Closed-loop control of seizure activity via real-time seizure forecasting by reservoir neuromorphic computing

TL;DR

This paper introduces a neuromorphic reservoir computing system for real-time seizure forecasting and personalized brain stimulation, significantly improving epilepsy treatment by reducing seizures with adaptive, low-frequency stimulation.

Contribution

The study presents a novel neuromorphic hardware system capable of real-time seizure prediction and personalized stimulation, addressing limitations of current methods.

Findings

Achieved 83.33% accuracy in seizure forecasting.

Reduced seizures by over 97% in a testbed.

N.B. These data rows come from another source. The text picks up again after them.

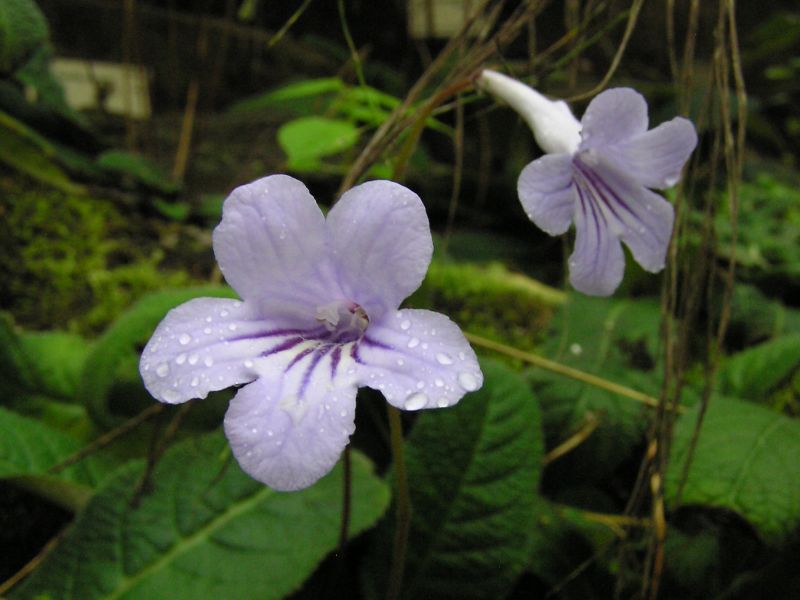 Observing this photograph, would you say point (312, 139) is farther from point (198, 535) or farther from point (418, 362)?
point (418, 362)

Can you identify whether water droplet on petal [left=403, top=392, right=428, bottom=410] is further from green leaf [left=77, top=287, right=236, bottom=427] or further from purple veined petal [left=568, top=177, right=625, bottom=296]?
green leaf [left=77, top=287, right=236, bottom=427]

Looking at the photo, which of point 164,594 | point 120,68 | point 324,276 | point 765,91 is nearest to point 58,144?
point 120,68

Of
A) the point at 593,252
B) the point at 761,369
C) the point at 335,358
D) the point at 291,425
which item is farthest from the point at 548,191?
the point at 761,369

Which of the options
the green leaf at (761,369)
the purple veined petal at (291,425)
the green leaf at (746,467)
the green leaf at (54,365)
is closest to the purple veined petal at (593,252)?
the purple veined petal at (291,425)

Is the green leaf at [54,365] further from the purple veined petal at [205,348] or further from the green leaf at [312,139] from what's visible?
the purple veined petal at [205,348]

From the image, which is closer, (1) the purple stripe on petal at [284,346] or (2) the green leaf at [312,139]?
(1) the purple stripe on petal at [284,346]

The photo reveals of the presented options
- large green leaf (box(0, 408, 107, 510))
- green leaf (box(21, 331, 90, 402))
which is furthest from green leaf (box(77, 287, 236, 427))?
green leaf (box(21, 331, 90, 402)) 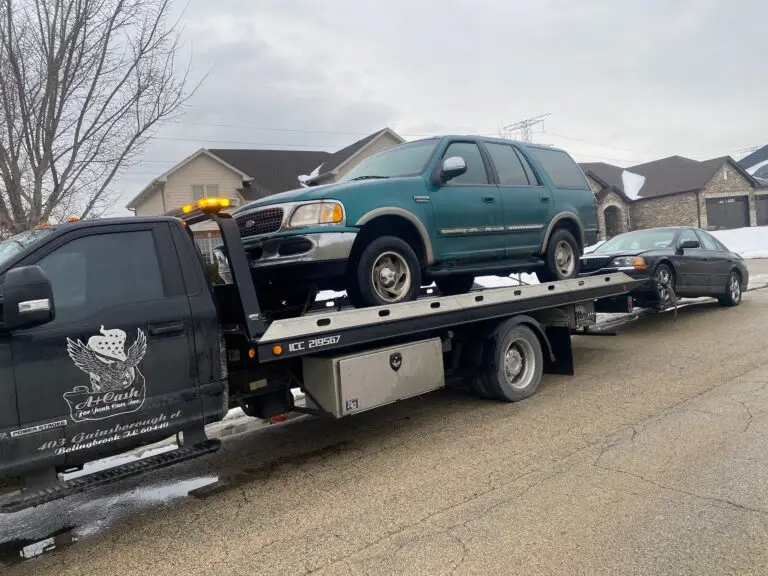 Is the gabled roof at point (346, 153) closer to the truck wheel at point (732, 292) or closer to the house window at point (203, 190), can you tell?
the house window at point (203, 190)

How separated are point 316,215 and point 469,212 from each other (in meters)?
1.90

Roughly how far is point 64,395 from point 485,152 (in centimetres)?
490

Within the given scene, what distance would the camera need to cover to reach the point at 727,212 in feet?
137

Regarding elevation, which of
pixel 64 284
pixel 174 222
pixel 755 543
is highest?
pixel 174 222

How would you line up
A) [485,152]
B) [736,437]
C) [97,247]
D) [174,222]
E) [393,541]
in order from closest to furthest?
[393,541] < [97,247] < [174,222] < [736,437] < [485,152]

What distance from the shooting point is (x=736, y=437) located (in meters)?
4.99

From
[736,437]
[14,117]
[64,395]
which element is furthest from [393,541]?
[14,117]

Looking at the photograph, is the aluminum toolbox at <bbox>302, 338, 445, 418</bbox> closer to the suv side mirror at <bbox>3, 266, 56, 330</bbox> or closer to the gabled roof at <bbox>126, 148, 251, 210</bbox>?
the suv side mirror at <bbox>3, 266, 56, 330</bbox>

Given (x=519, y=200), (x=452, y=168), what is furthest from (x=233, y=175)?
(x=452, y=168)

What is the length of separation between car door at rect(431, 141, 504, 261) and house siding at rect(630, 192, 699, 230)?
36.6 meters

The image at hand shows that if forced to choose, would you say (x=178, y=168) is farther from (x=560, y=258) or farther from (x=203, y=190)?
(x=560, y=258)

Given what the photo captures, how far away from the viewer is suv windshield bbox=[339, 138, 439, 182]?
6.16 m

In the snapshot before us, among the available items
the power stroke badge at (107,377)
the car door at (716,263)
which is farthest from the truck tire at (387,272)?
the car door at (716,263)

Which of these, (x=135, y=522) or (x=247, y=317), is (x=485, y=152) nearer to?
(x=247, y=317) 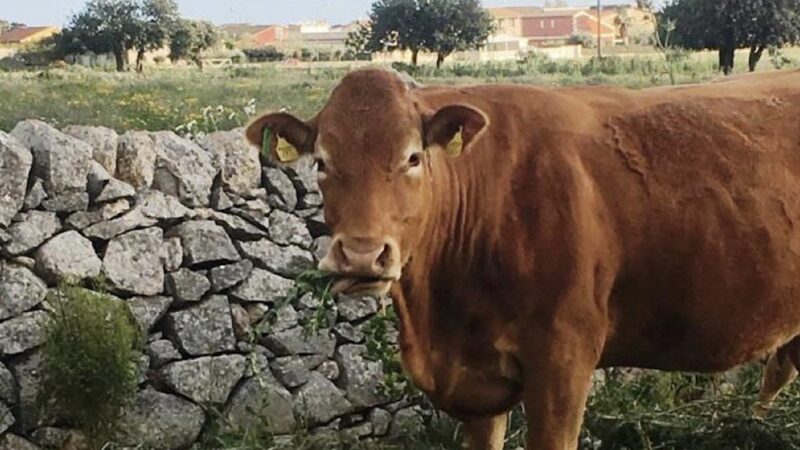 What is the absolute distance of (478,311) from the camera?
16.1ft

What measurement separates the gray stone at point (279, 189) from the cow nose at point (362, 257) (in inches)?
163

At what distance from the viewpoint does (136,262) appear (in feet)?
24.9

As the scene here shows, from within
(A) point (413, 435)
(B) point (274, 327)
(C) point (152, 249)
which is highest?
(C) point (152, 249)

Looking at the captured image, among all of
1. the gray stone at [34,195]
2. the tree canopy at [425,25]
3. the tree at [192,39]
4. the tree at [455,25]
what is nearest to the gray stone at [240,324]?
the gray stone at [34,195]

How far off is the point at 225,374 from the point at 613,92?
327cm

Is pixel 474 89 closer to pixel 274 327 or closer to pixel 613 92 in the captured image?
pixel 613 92

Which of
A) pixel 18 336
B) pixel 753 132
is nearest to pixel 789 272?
pixel 753 132

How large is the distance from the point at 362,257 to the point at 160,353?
3.79 metres

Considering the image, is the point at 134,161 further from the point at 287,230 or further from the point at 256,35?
the point at 256,35

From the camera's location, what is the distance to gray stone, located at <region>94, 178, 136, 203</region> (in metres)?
7.51

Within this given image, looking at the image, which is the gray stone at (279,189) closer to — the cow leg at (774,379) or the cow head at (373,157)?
the cow leg at (774,379)

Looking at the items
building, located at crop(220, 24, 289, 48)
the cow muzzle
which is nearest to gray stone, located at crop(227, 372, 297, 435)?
the cow muzzle

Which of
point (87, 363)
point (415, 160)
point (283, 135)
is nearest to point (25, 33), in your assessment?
point (87, 363)

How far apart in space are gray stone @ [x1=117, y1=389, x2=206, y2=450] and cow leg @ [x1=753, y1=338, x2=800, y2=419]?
10.4 feet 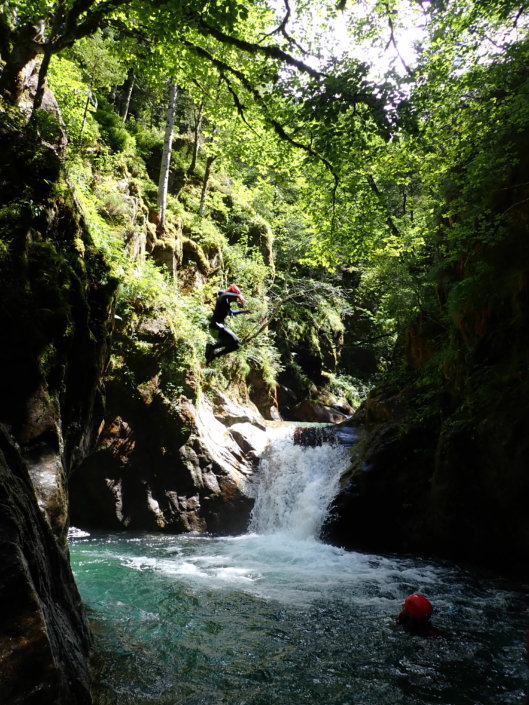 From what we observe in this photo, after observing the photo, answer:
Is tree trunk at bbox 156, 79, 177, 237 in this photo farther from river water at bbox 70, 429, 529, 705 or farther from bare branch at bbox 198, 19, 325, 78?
river water at bbox 70, 429, 529, 705

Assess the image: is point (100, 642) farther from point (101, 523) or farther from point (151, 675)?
point (101, 523)

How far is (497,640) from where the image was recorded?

Used low-frequency stimulation within 20 Hz.

Abstract

Closed-loop brain stimulation holds potential as personalized treatment for drug-resistant epilepsy (DRE) but still suffers from limitations that result in highly variable efficacy. First, stimulation is typically delivered upon detection of the seizure to abort rather than prevent it; second, the stimulation parameters are established by trial and error, requiring lengthy rounds of fine-tuning, which delay steady-state therapeutic efficacy. Here, we address these limitations by leveraging the potential of neuromorphic computing. We present a neuromorphic reservoir computing hardware system capable of driving real-time personalized free-run stimulations based on seizure forecasting, wherein each forecast triggers an electrical pulse rather than an arbitrarily predefined fixed-frequency stimulus train. The system achieves 83.33% accuracy in forecasting seizure occurrences during the training phase. We validate the system using hippocampal spheroids coupled to 3D microelectrode array as a simplified testbed, achieving seizure reduction >97% during the real-time processing while primarily using instantaneous stimulation frequencies within 20 Hz, well below what typically used in clinical practice. Our work demonstrates the potential of neuromorphic systems as a next-generation neuromodulation strategy for personalized DRE treatment, leveraging their sparse and event-driven processing for real-time applications.